• WHAT IS EXPECTED:
Find the line containing "1947 1948 1949" in the listing below. Repeat it exactly, along with each following line up to and including the one containing "Até aqui tentamos".

• RECORDS FOR PROCESSING:
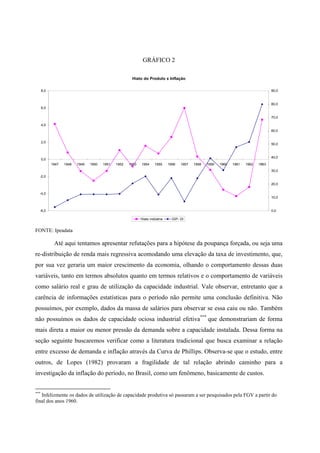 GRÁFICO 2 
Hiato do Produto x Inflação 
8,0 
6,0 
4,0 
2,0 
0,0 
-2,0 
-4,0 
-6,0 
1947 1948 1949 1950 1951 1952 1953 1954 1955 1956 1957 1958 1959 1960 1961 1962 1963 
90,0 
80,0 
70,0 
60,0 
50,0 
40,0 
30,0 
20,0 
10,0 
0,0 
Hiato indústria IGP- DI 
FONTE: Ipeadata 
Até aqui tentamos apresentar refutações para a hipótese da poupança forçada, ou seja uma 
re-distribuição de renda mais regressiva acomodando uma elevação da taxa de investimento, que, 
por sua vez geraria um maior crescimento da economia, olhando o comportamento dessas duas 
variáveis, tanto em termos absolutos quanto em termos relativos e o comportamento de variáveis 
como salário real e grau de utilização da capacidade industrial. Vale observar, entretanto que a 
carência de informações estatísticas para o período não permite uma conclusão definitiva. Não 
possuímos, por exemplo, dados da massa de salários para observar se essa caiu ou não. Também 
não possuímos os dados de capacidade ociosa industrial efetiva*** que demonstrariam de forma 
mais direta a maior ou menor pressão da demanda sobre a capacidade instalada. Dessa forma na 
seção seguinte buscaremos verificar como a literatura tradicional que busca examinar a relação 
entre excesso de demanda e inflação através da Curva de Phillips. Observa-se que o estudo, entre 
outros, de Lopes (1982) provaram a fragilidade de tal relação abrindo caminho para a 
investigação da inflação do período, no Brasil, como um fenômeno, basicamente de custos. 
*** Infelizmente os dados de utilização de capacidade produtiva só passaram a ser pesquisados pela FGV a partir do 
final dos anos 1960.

--

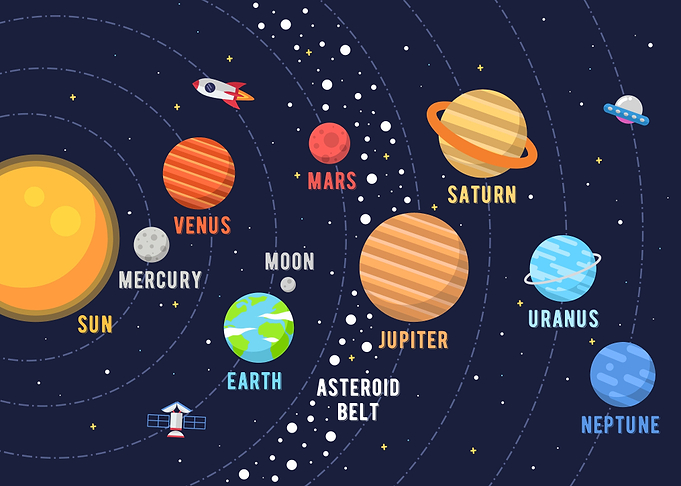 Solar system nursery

---

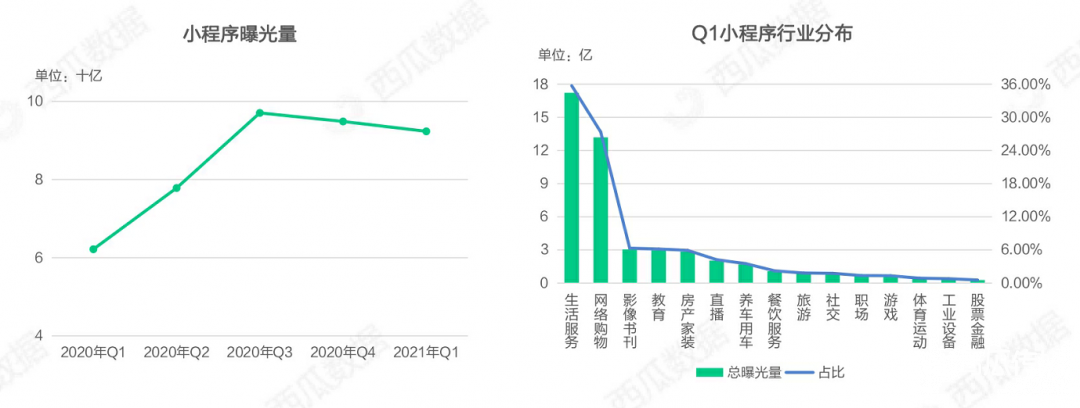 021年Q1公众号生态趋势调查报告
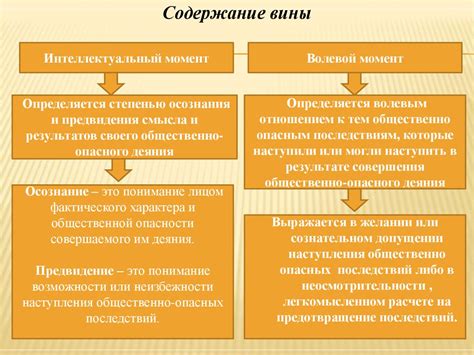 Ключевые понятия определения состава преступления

• RESPONSE TO THE EXERCISE:
1947 1948 1949 1950 1951 1952 1953 1954 1955 1956 1957 1958 1959 1960 1961 1962 1963 
90,0 
80,0 
70,0 
60,0 
50,0 
40,0 
30,0 
20,0 
10,0 
0,0 
Hiato indústria IGP- DI 
FONTE: Ipeadata 
Até aqui tentamos apresentar refutações para a hipótese da poupança forçada, ou seja uma 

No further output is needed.